3) Moderate Persistent Asthma

  • Daily use of inhaled short-acting bronchodilator medication
  • Symptoms affect activity
  • Exacerbations > 2 times a week, may last days
  • Forced air flow parameters (as measured by pulmonary function testing) > 60% - < 80% predicted
  • Forced air flow parameters (as measured by pulmonary function testing) variability > 30%

This type of asthma is usually managed by a daily inhaled "anti-inflammatory" medication (corticosteroid), medium to high dosage as needed. A long-acting “bronchodilator” medication may be added if needed (see “medication” section). The pulmonologist will need to evaluate a child with moderate persistent asthma every 2 to 3 months, until improvement is achieved.

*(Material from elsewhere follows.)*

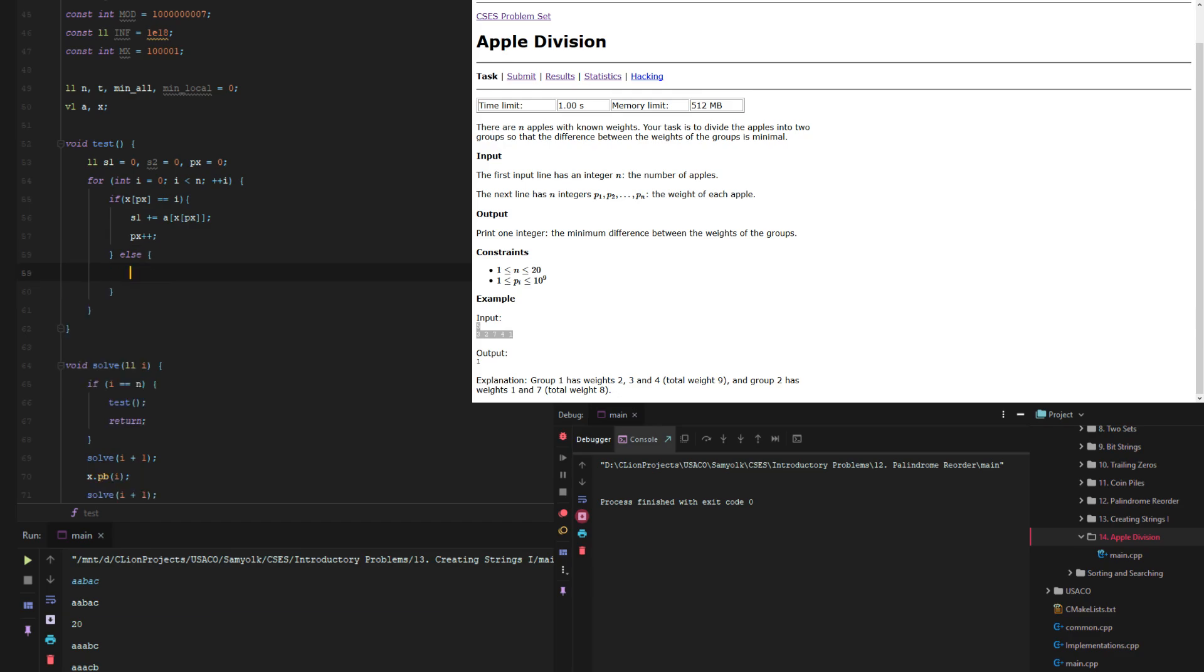Otherwise if it's not in there that means s2 plus equals a i. I guess this should have been this could have been stayed over. Another look.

4) Severe Persistent Asthma

  • Continual symptoms
  • Frequent nighttime symptoms
  • Limited physical activity
  • Frequent exacerbations
  • Forced air flow parameters (as measured by pulmonary function testing) < 60% predicted
  • Forced air flow parameters (as measured by pulmonary function testing) variability > 30%

This type of asthma is usually managed by daily inhaled "anti-inflammatory" medication, usually at a high dosage. A long-acting “bronchodilator” medication will most likely be added to achieve control. The pulmonologist will need to evaluate a child with severe persistent asthma every 2 - 6 weeks, until improvement is achieved.

Oral corticosteroids are prescribed when needed depending on the severity of symptoms.

5) Exercise-Induced Asthma

  • Symptoms of cough, wheeze, shortness of breath, chest tightness related to exercise
  • May occur with or without persistent asthma symptoms (as described above
  • Abnormal pulmonary function testing when exercising, baseline usually normal

This type of asthma is usually managed with a bronchodilator medication prior to exercise. Daily medications are usually not necessary. Exercise-stress testing may be recommended.